Em ambos há um não dito que ninguém ousa escrever: a Ucrânia, ao ceder ("de facto" ou "de jure") o controlo de territórios, já perdeu esta guerra. Quem sustente o contrário, por mais acrobacias conceptuais que mobilize, apenas se ilude. E o "wishful thinking" não é uma estratégia sensata.
Resta assim negociar o perímetro concreto da vitória russa. Moscovo sonharia com uma Ucrânia transformada numa nova Bielorrússia. Não o conseguirá: o núcleo de soberania assente em Kiev manter-se-á independente. Em recuo tático, a Rússia procurará impor uma neutralidade. Os europeus, que persistem em querer fazer da Ucrânia remanescente a sua primeira linha de contenção, farão tudo para que tal neutralidade não se concretize.
Por duas vias principais. A primeira passa pelo papel: evitar que a Constituição ucraniana fique blindada como a austríaca de 1955, interditando para sempre a adesão à NATO. Trump é transitório. Na ótica ocidental, convém não fechar institucionalmente a porta a um eventual regresso futuro a uma política diferente por parte dos EUA. Um dos principais pontos de fricção com Moscovo será este.

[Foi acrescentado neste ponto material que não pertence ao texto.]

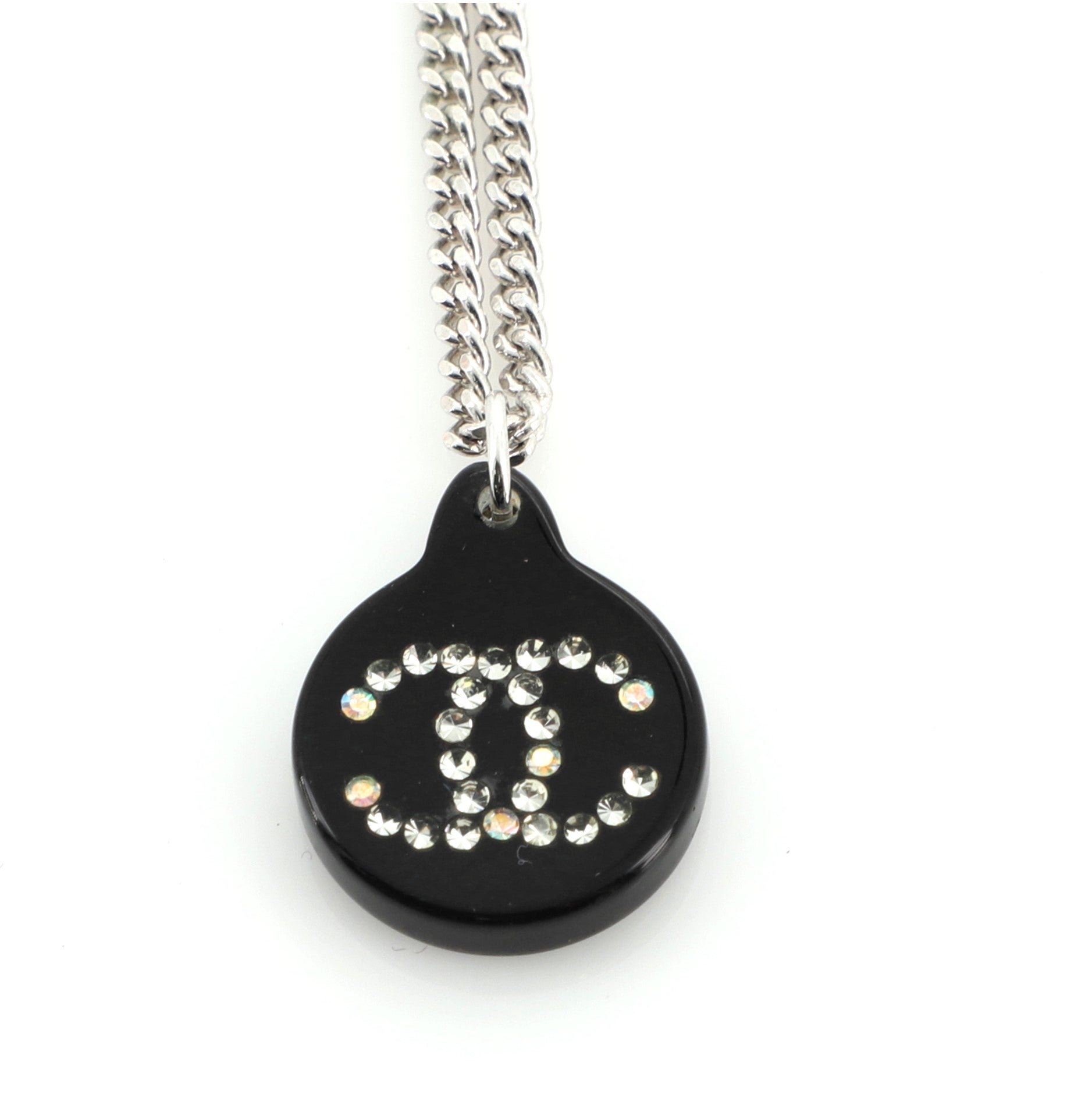 CC Round Pendant Necklace Crystal Embellished Resin and Metal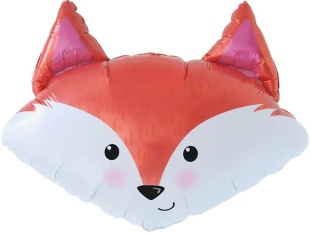 Шар с клапаном (12''/30 см) Мини-фигура, Лиса, 5 шт. в уп. (цв.этик.)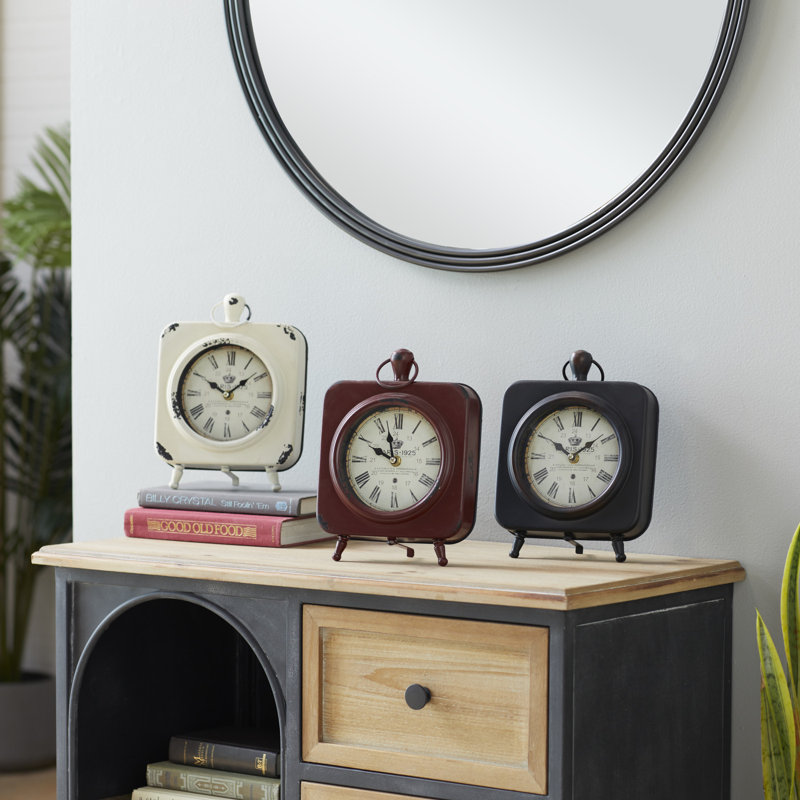 Horloge décorative en métal multicolore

O segundo ponto de fricção será a presença de tropas europeias em solo ucraniano no pós-guerra. É previsível que isso constitua uma linha vermelha russa. E é igualmente previsível que Trump seja bastante sensível a essa objeção. A Rússia já interiorizou que não engolirá a Ucrânia inteira, mas não abdicará de tentar garantir que o que lhe escapar não possa vir a reforçar-se militarmente contra ela.

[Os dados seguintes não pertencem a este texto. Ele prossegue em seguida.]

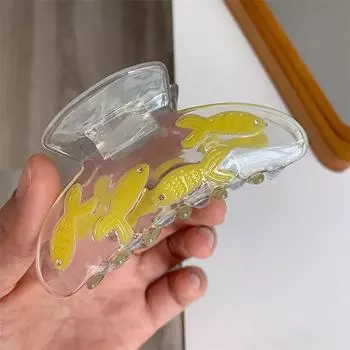 Милые прозрачные заколки для волос с золотой рыбкой, мультяшные ацетатные заколки в виде акулы, простые коготь для волос для женщин и девочек, аксессуары для волос синий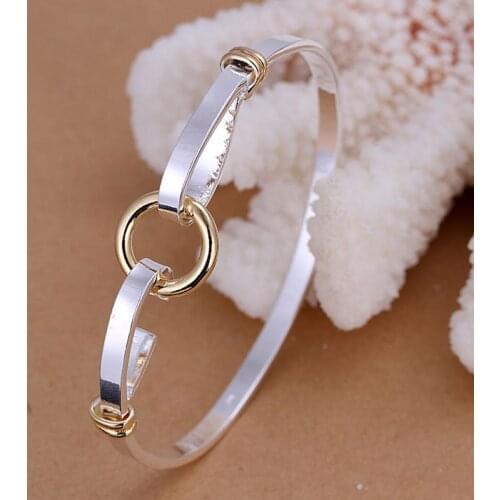 B083 silver fashion jewelry 925 jewelry silver plated bangle bracelet Silvery and Golden O Bangle /UFVAXHVN BPFGDOSG
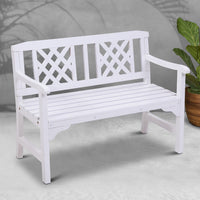 Wooden Garden Bench 2 Seat Patio Furniture Timber Outdoor Lounge Chair White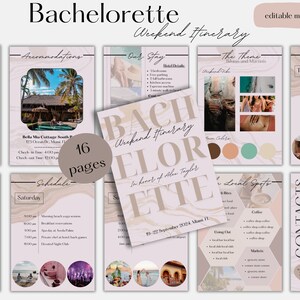 Itinéraire du week-end de célibataire | Modèle d&#39;itinéraire de célibataire | Modèle de toile modifiable | Invitation à un enterrement de vie de jeune fille | Itinéraire du week-end
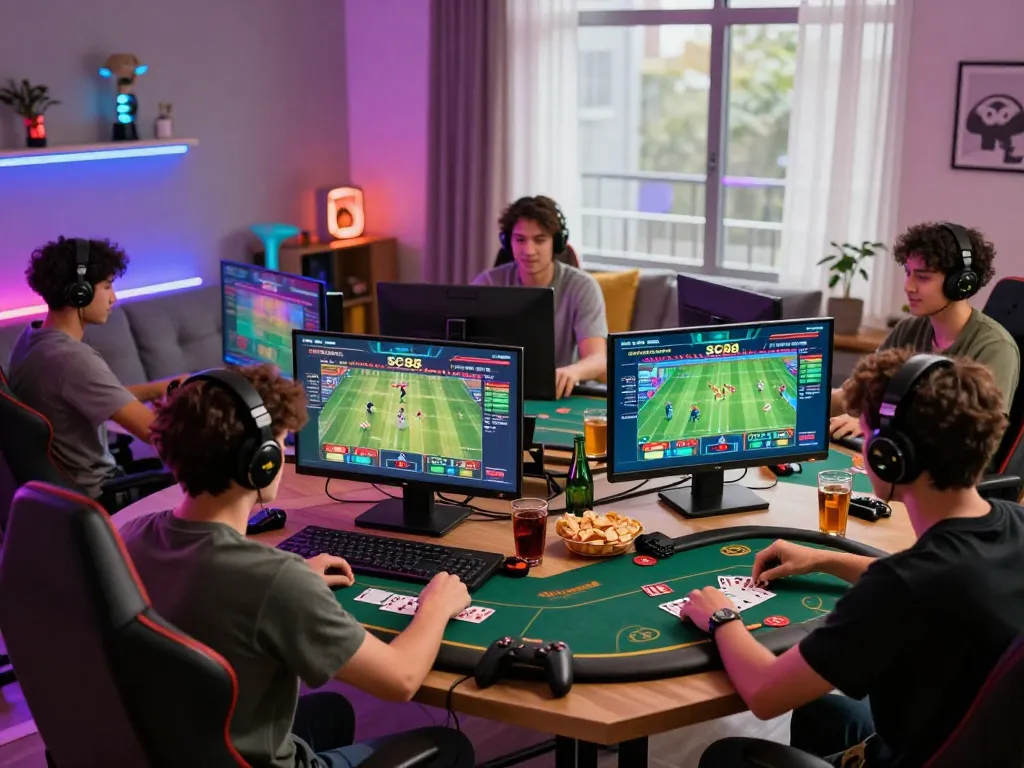 Exciting gaming experience at https://sc88e.com/ with diverse players enjoying online betting and poker.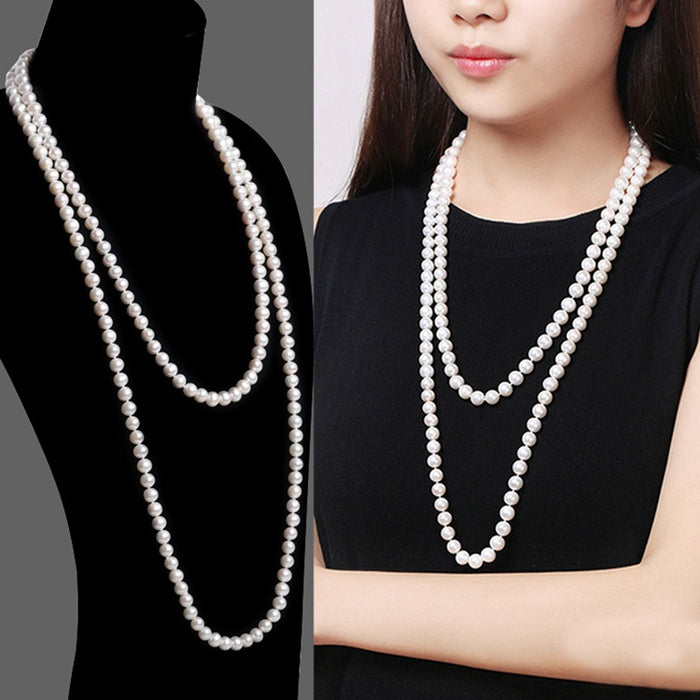 Wholesale  Pearl Necklace Woolen Chain Long Women's All-match Pendant Double Decorations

A proposta de 28 pontos que Trump fez circular é, no essencial, um lista de concessões aos interesses russos. A razão é simples: Washington considera que a Rússia está a ganhar a guerra e decidiu que não investirá de forma a ajudar Kiev a recuperar as fronteiras de 1991. O cálculo americano é que armar a Ucrânia até ao ponto de poder ameaçar existencialmente a Rússia obrigaria, mais cedo ou mais tarde, os EUA a intervir diretamente, com o risco de uma escalada imprevisível. Discutir se esse receio é ou não exagerado é irrelevante. É o que parece orientar a Casa Branca.
Para além disso, a América de Trump quer extrair um proveito económico substancial deste desfecho. Do documento dos 28 pontos transparece, explícita ou veladamente, uma ambição negocial americana, que pode incluir vantagens no Donbass, no Ártico ou em outros tabuleiros. Putin, por seu lado, necessita desesperadamente de uma vitória política que justifique o custo económico e humano que investiu desde 2022. Trump pode oferecer-lhe o regresso ao G8, o arquivamento do mandato do TPI, o alívio ou levantamento de sanções, talvez até a reintegração no SWIFT. Trump é a boia de salvação de Putin. Sem ele, pode estar a ganhar a guerra, mas não terá condições de conquistar a paz.
Em tempos idos, no Ministério dos Negócios Estrangeiros, algumas informações de serviço "subiam à consideração superior" com a seguinte nota: "V. Exa., porém, no seu alto critério, melhor decidirá". Trump espera que a vassalagem europeia e ucraniana faça com que aceitem, resignados, que ele, no seu alto critério, melhor decidirá o destino de um país que, para ele, já perdeu a guerra. Esta é a tragédia da Ucrânia e Zelensky já percebeu isso.